# Problem in a Metric Space!

1. Sep 2, 2011

### aodesky

Suppose (X,d) is a metric space and A, a subset of X, is closed and nonempty. For x in X, define d(x,A) = infa in A{d(x,a)}

Show that d(x,A) < infinity.

I really don't have much of an idea on how to show it must be finite. An obvious thought comes to mind, namely that a metric is real-valued by definition, so it must be a real number and hence finite, but I don't feel that that reasoning captures the gist of the inherent problem.

Does anyone have any ideas?

2. Sep 2, 2011

### micromass

Staff Emeritus
So you must show that the set

$$\{d(x,a)~\vert~a\in A\}$$

has a finite infimum. The only thing you need to check here is that the set is nonempty.

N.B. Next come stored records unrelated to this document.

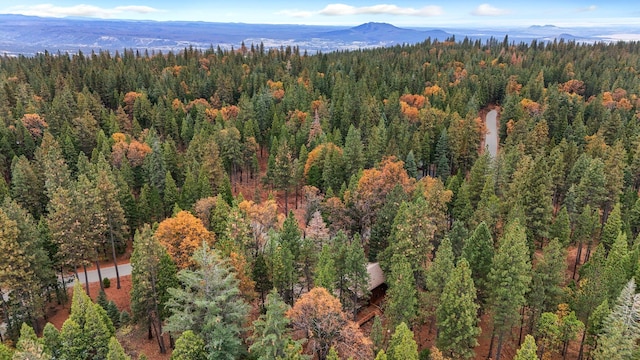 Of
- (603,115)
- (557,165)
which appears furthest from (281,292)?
(603,115)

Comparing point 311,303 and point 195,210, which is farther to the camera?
point 195,210

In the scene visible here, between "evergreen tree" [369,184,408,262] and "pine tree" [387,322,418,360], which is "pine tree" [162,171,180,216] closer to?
"evergreen tree" [369,184,408,262]

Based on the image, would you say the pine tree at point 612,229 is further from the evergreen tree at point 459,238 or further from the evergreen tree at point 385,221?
the evergreen tree at point 385,221

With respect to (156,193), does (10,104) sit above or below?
above

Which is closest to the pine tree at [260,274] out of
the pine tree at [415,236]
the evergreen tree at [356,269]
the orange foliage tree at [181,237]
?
the orange foliage tree at [181,237]

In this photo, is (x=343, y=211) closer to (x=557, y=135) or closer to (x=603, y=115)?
(x=557, y=135)

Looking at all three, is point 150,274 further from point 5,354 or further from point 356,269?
point 356,269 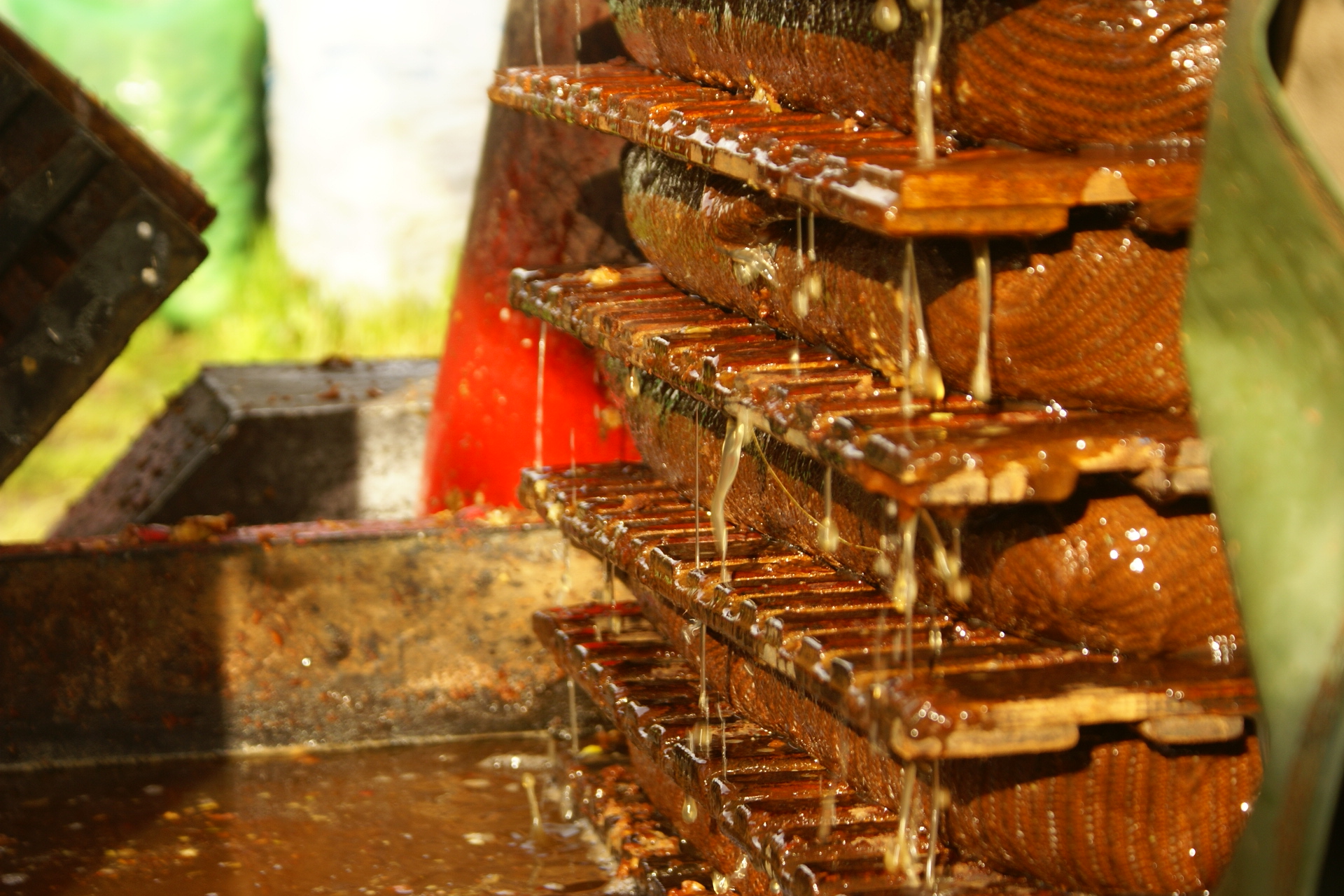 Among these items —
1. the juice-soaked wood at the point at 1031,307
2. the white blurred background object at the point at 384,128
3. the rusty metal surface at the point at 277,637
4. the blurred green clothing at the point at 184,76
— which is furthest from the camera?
the blurred green clothing at the point at 184,76

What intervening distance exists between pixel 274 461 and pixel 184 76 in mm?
4674

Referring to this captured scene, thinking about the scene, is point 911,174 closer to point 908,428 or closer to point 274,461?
point 908,428

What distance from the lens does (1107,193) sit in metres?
1.99

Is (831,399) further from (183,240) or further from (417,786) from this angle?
(183,240)

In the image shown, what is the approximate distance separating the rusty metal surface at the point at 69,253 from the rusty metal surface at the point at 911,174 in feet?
6.39

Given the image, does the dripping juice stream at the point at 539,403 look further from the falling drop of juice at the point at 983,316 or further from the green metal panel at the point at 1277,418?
the green metal panel at the point at 1277,418

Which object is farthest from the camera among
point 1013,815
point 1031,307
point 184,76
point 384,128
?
point 184,76

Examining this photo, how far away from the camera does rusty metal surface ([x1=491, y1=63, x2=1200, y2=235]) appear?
1962mm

Do you agree??

3. Sep 3, 2011

### foxjwill

Are you sure you wrote down the problem correctly? As micromass pointed out, whether or not $A$ is closed is irrelevant. Maybe you have to show that $0<d(x,A)<\infty$ for all $x\notin A$?

4. Sep 3, 2011

### aodesky

Thanks for the responses. To micromass: I don't quite see how the set's being nonempty necessarily implies that its infimum is finite. And to foxjwill: the set's being closed has no pertinence (at least I don't think it does) to the part of the question I asked here, but there are two other parts of the question to which it does play a role; however, I knew how to answer those so I didn't post them here, and I didn't omit the fact that the set was closed because I wasn't positive that it played no role whatsoever in the question I asked here. The question is quoted here correctly, I just still cannot see a direct implication toward a finite infimum based off of the information here. Can you prove it micromass?

5. Sep 3, 2011

### micromass

Staff Emeritus
Try to prove the following:

if a set of real numbers is nonempty and bounded below, then its infimum is finite.